Se ce l’avessero chiesto, sia a me che a mia sorella, avremmo dato l’ok ad un aiuto che facesse finire al più presto quell’agonia.

Ma ovviamente, visto che non si può, visto che l’eutanasia è assolutamente illegale, non ce l’hanno chiesto né detto, non potevano.

Il dubbio atroce è che, pur nell’assolutamente illegale, l’abbiano fatto lo stesso.
Sai la cosa più amara, quella che mi fa stare più male, qual è?

Che era sola quando è morta, sola in quell’anonimo letto, dietro a quel paravento, lontana da tutto il mondo, sola, assolutamente sola.
Era in assoluto quello che non volevamo, che morisse da sola.

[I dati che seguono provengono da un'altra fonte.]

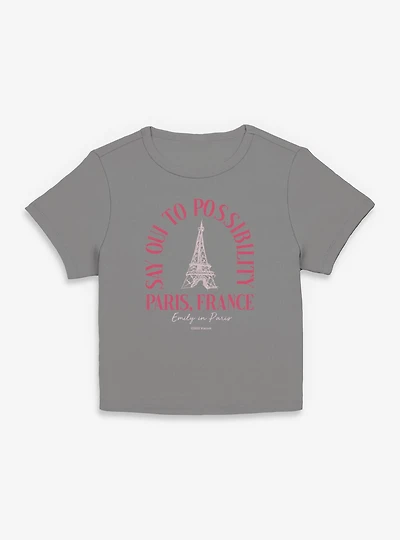 Emily Paris Say Oui Womens Baby T-Shirt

E l’unica cosa che nel mio cuore spero è che non se ne sia resa conto, che non lo sapesse, che non ne fosse cosciente.
Che in quell’ultimo attimo, in quell’ultimo respiro non si sia risvegliata rendendosi conto che l’avevamo lasciata sola.

Se così è stato… perdonami mamma.
Ma se potessi un giorno sapere che così è stato io non mi perdonerei, mai.

***

Io sono vecchia ormai, non vecchissima, diciamolo, ma abbastanza vecchia da aver visto tanti, tanti più giovani di me, andarsene.

Arriverà il mio momento, presto o tardi, e spesso mi dico che non sarà mai troppo presto, che la mia parte l’ho fatta e potrei anche fermarmi qui, finirla qui.

Quando quel momento arriverà spero davvero di riuscire a fare in modo di andarmene lontano da tutto e da tutti, per risparmiare loro l’agonia di vedere che mi spengo come una candela consumata, ma non come lei, non dietro ad un paravento.